Excerpts from a journal I kind of hoped I wouldn't find again, and now feel a remote sense of distance to. Ah, how things change.
I can't admit it out loud. Technically, I dislike you for what you've done. But my heart still aches for you. It's so weird to write your name like that, knowing you're not listening. I miss what we had. To be fair, maybe it's that that I miss more than you yourself, but you were such a big part of me that the two go hand in hand. The last few days I've just been pining for it, which is pathetic. [I rattle off a memory] Even then, I was in a dark place, but I wasn't alone.

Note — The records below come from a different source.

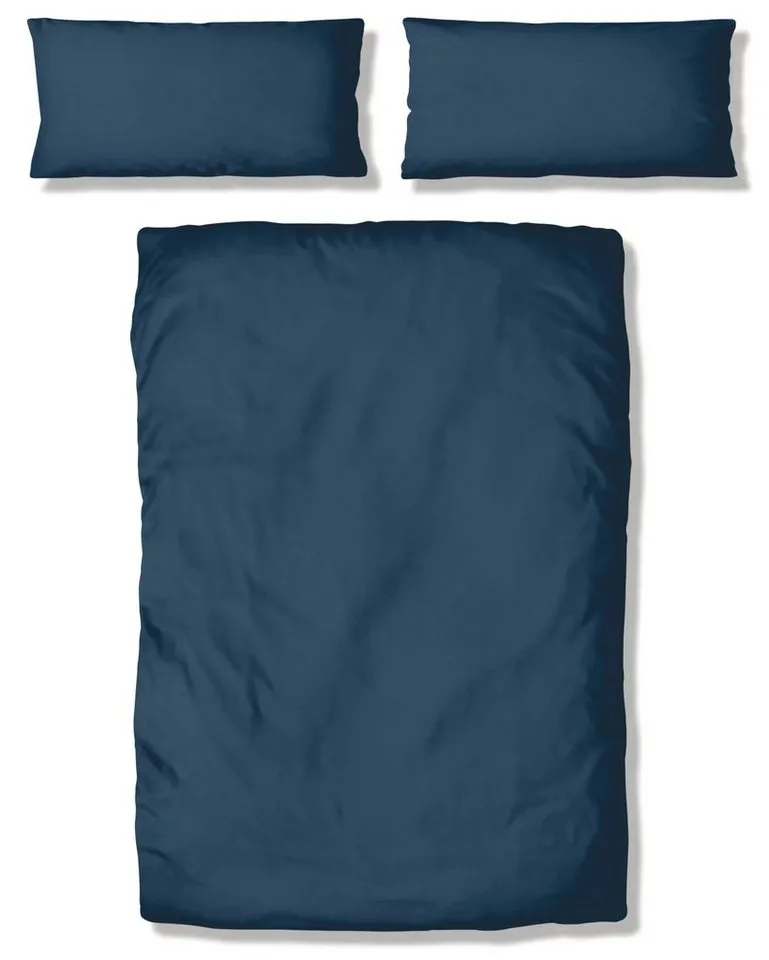 OTTO home Bettwäsche Desner 100% Microfaser, extra weich, allergikerfreundlich, Microfaser, 2 teilig, Premium Qualität, uni, schnell trocknend, pflegeleicht, ab 135x200 cm, Blau, – Produktbild 6 von 6
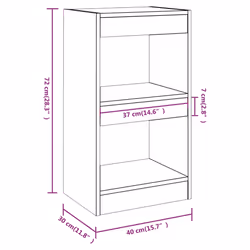 VidaXL 813585 living room bookcase - Additional view 7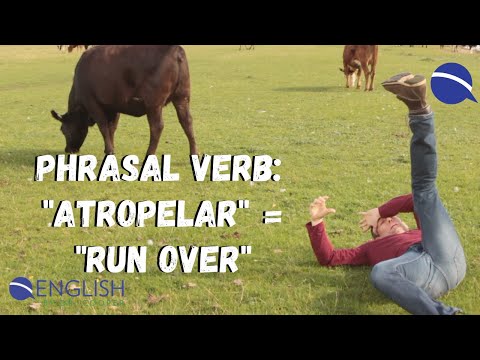 Vídeo: Qual é o significado do phrasal verb run over?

It's almost midnight again. How many nights have I sat up until midnight talking to you? You usually get the message though, this one I'll never send. [Can you taste the irony?]
Why can I not stop pushing everyone I know away?

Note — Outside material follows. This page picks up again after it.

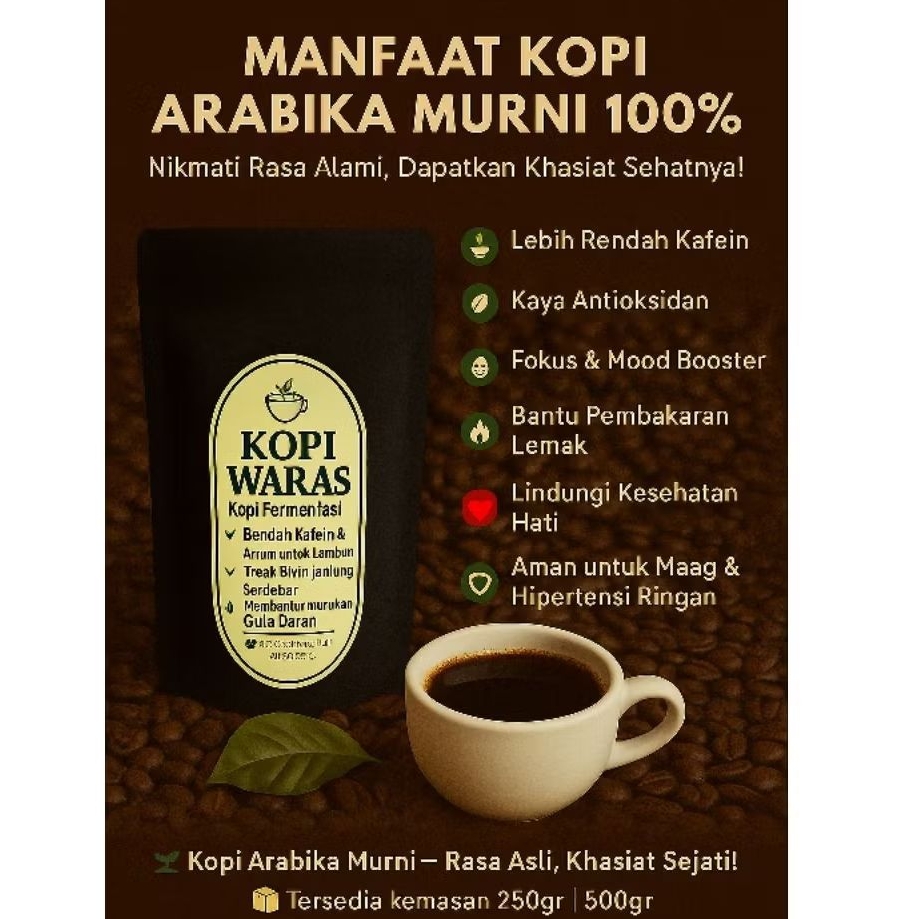 

KOPI ARABIKA FULL 100% KOPI DIET KOPI MOOD BOSSTER KOPI KESEHATAN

I rarely write in here when things are okay, so maybe you never really see that side of me - then again, maybe that's because things don't seem to be so awesome recently. He's right, I do complain too much, but I figure, my journal, my head, tough luck.

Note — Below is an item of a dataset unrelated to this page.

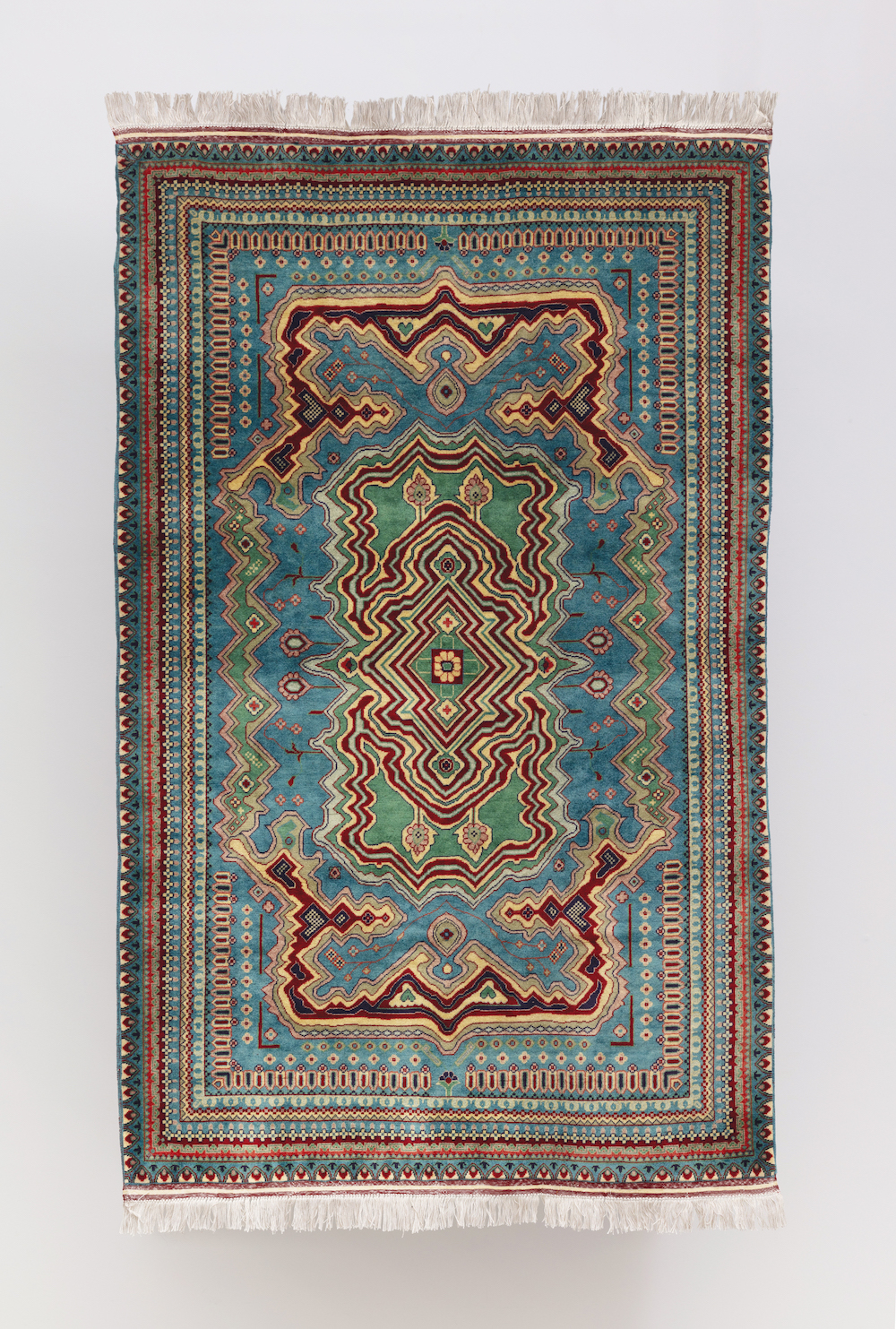 MBTC N1, 2021, Handwoven Wool Carpet, 76.5 x 49.5 in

Back to my refuge. Back to the little dark place I've been keeping for myself.
I want to tell you so much has changed but in reality it's just some sort of vicious cycle. I keep ending up in this place, this mindset, over again. I look up in the mirror and I dislike what I see. My hair is a mess - too long, untameable. My eyes are sad. There's no reason. I had a good day [which I explain]. I was cheerful until the moment I stepped off the bus. What is wrong? My appetite has disappeared again.
Isn't it weird how this is my journal - my innermost thoughts, and yet I still keep secrets from it? There are some things I cannot admit out loud, not even to myself.
Thankfully, I haven't had such a need for that journal recently.
Reading through it makes me sad. I don't realise, when I'm fine, how I felt, but it's there.
A lot of the pages are ripped out.
Just because I never wanted to see them again.
These are just a couple of parts that didn't involve people, or secrets, or too much emotion.
Maybe this is a little too personal. Maybe it'll get deleted.